──────── MATERIAL FOR THIS TASK

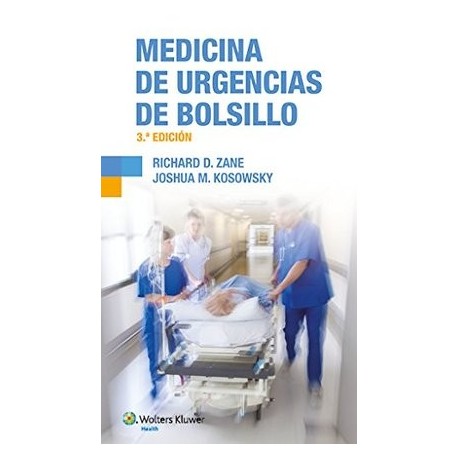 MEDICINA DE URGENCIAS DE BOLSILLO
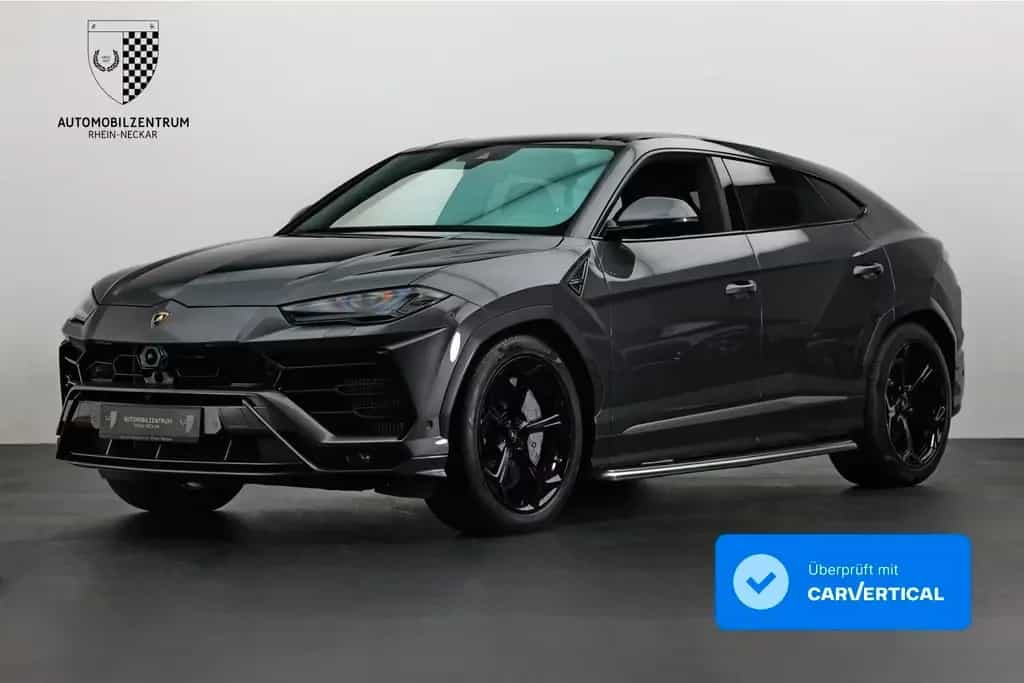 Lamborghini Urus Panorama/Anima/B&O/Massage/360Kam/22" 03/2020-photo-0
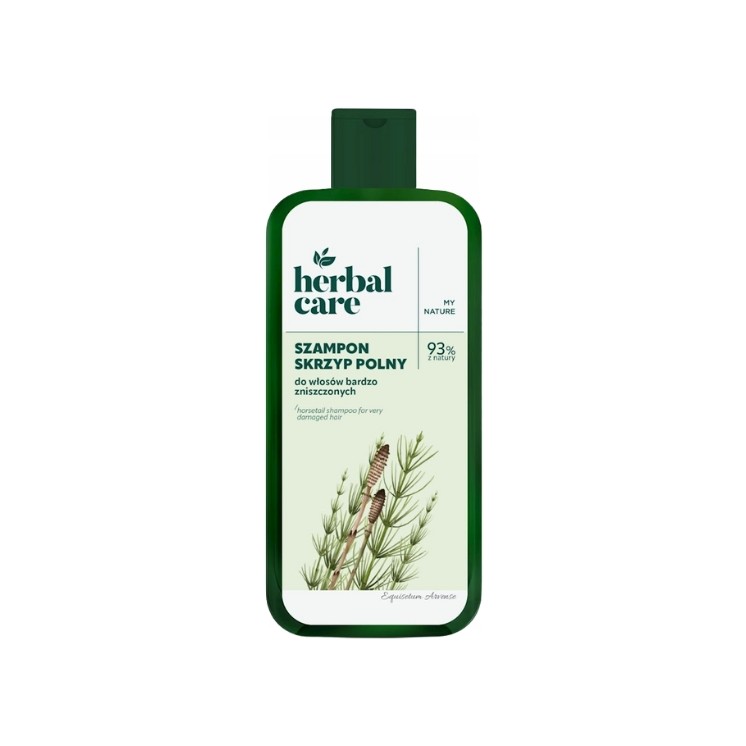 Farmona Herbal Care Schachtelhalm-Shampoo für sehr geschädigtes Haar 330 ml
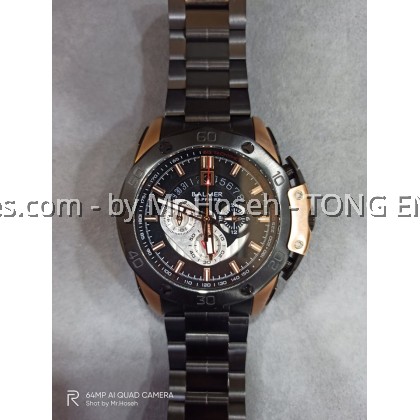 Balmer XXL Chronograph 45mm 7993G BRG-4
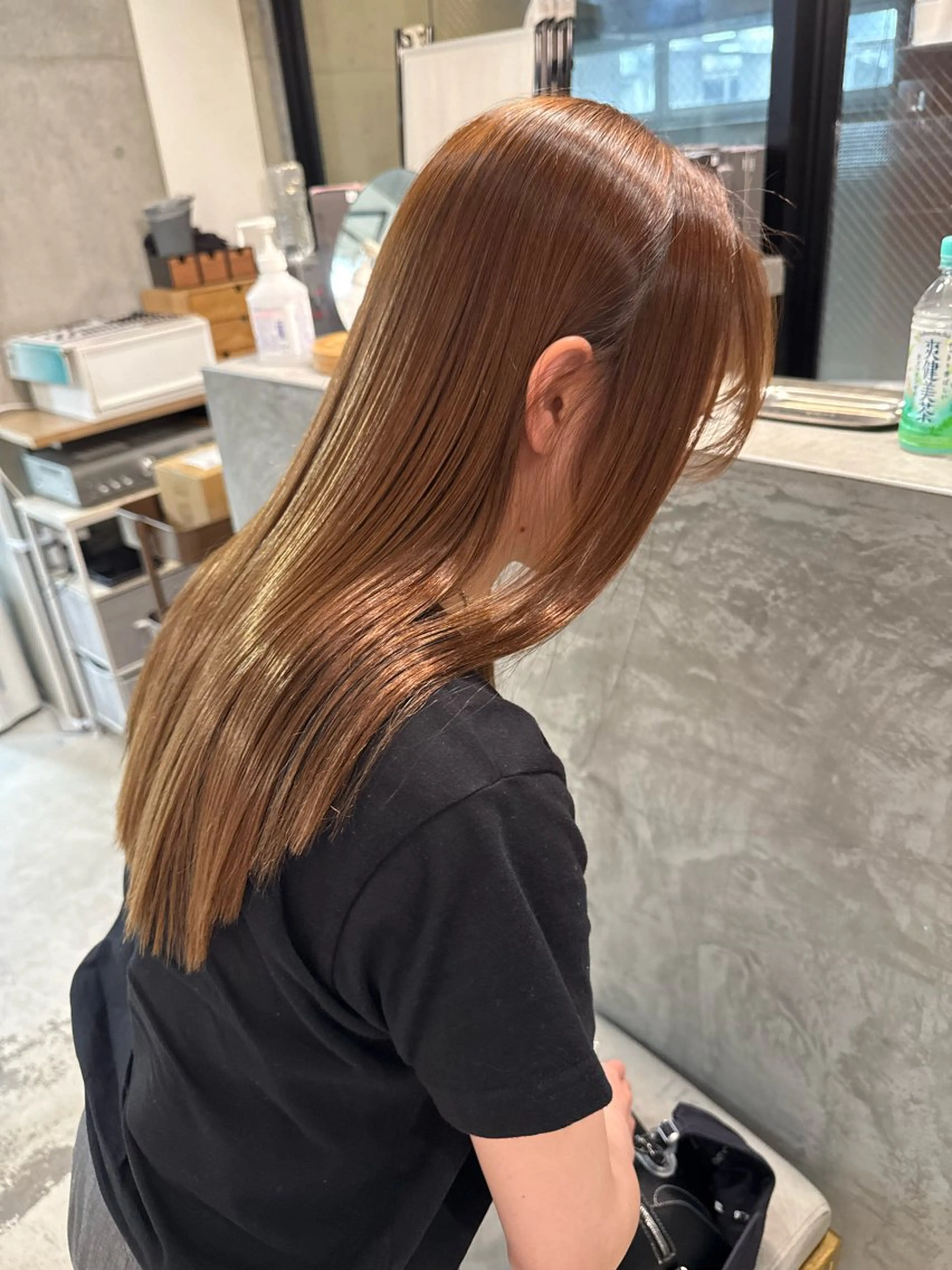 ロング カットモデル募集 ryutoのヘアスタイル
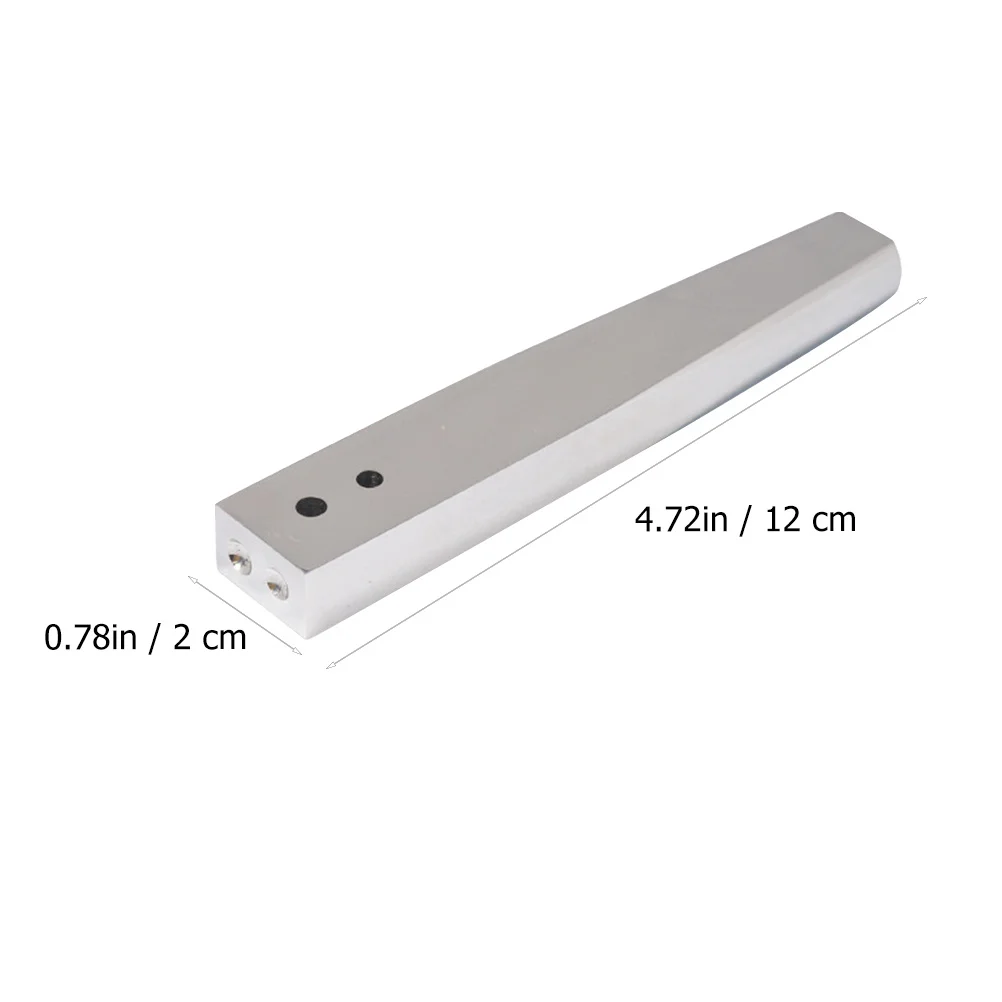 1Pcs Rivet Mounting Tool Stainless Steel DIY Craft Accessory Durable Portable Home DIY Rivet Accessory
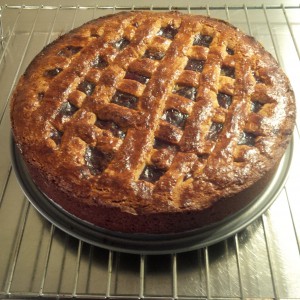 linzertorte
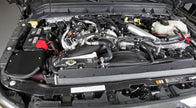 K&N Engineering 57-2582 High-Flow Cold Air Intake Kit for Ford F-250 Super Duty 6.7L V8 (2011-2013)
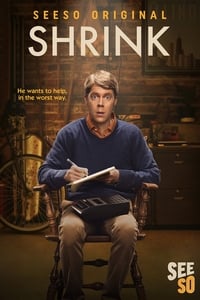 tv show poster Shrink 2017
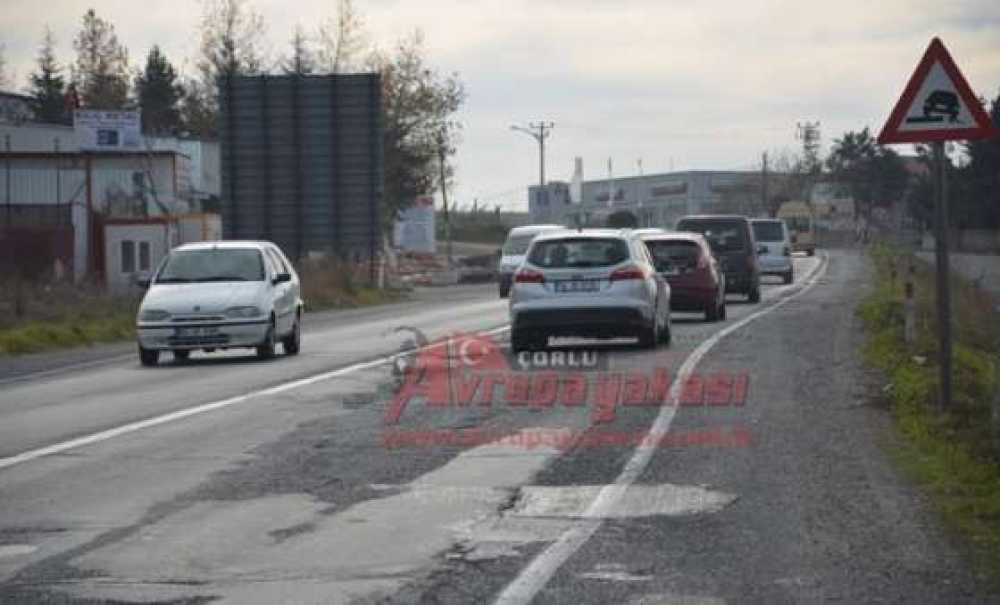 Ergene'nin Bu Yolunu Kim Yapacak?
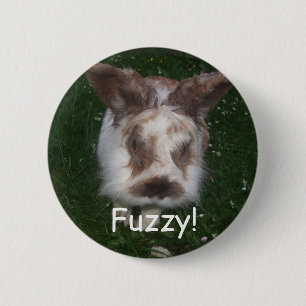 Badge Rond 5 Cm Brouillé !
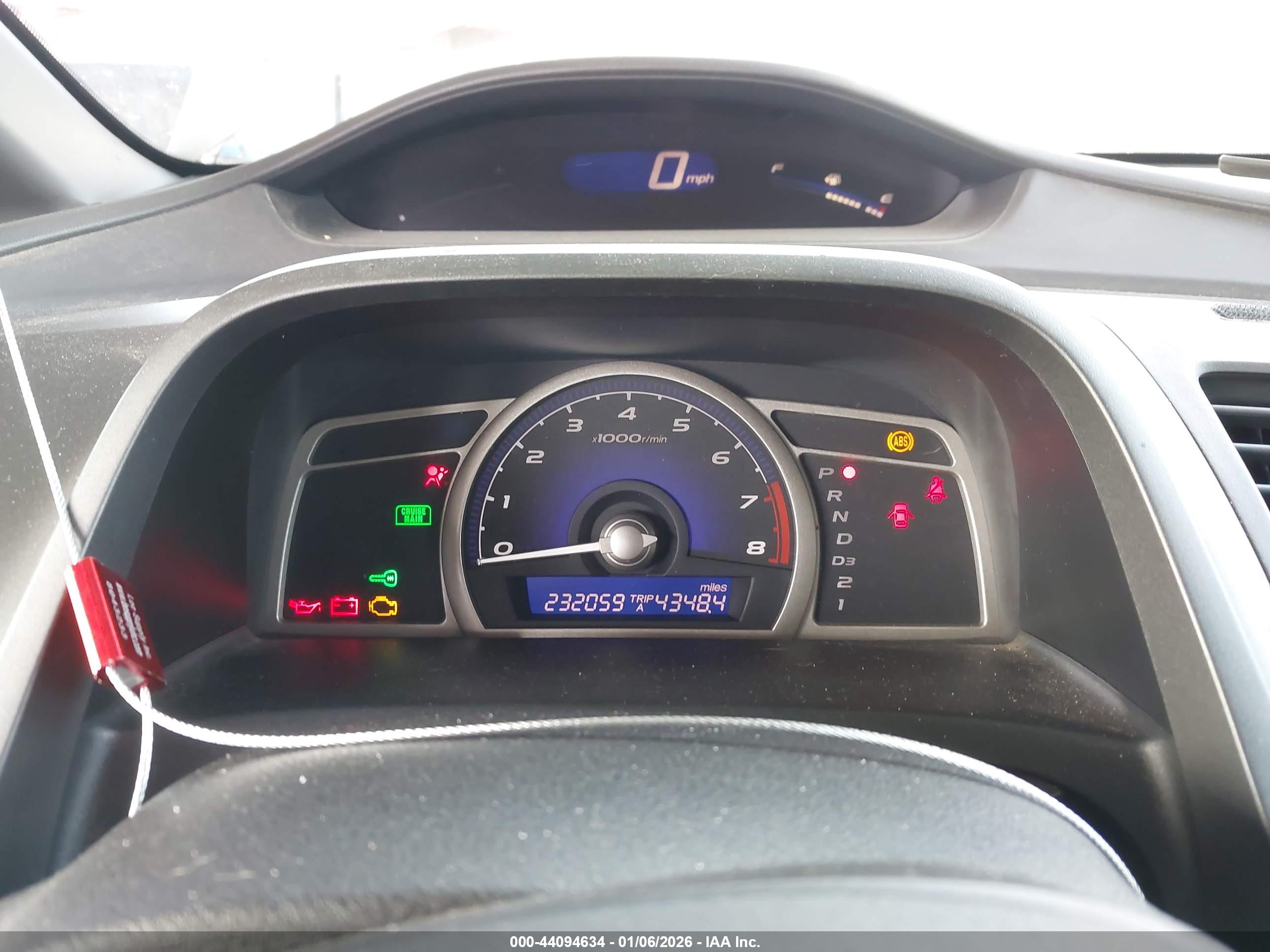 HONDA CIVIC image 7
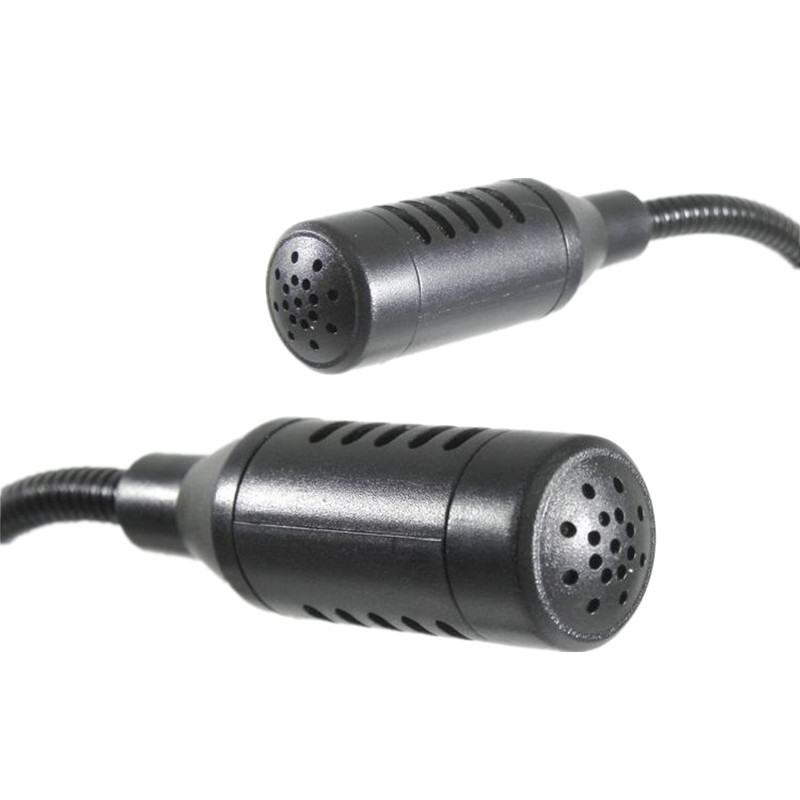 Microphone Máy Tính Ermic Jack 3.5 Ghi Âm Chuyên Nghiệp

────────────────

#### EXERCISE
Work from the entries above. Set down exactly and only the lines from the line with "Farmona Herbal Care" to the line with "HONDA CIVIC image 7", both included, and leave the pictures out.

#### REPLY TO THE TASK
 Farmona Herbal Care Schachtelhalm-Shampoo für sehr geschädigtes Haar 330 ml
 Balmer XXL Chronograph 45mm 7993G BRG-4
 ロング カットモデル募集 ryutoのヘアスタイル
 1Pcs Rivet Mounting Tool Stainless Steel DIY Craft Accessory Durable Portable Home DIY Rivet Accessory
 linzertorte
 K&N Engineering 57-2582 High-Flow Cold Air Intake Kit for Ford F-250 Super Duty 6.7L V8 (2011-2013)
 tv show poster Shrink 2017
 Ergene'nin Bu Yolunu Kim Yapacak?
 Badge Rond 5 Cm Brouillé !
 HONDA CIVIC image 7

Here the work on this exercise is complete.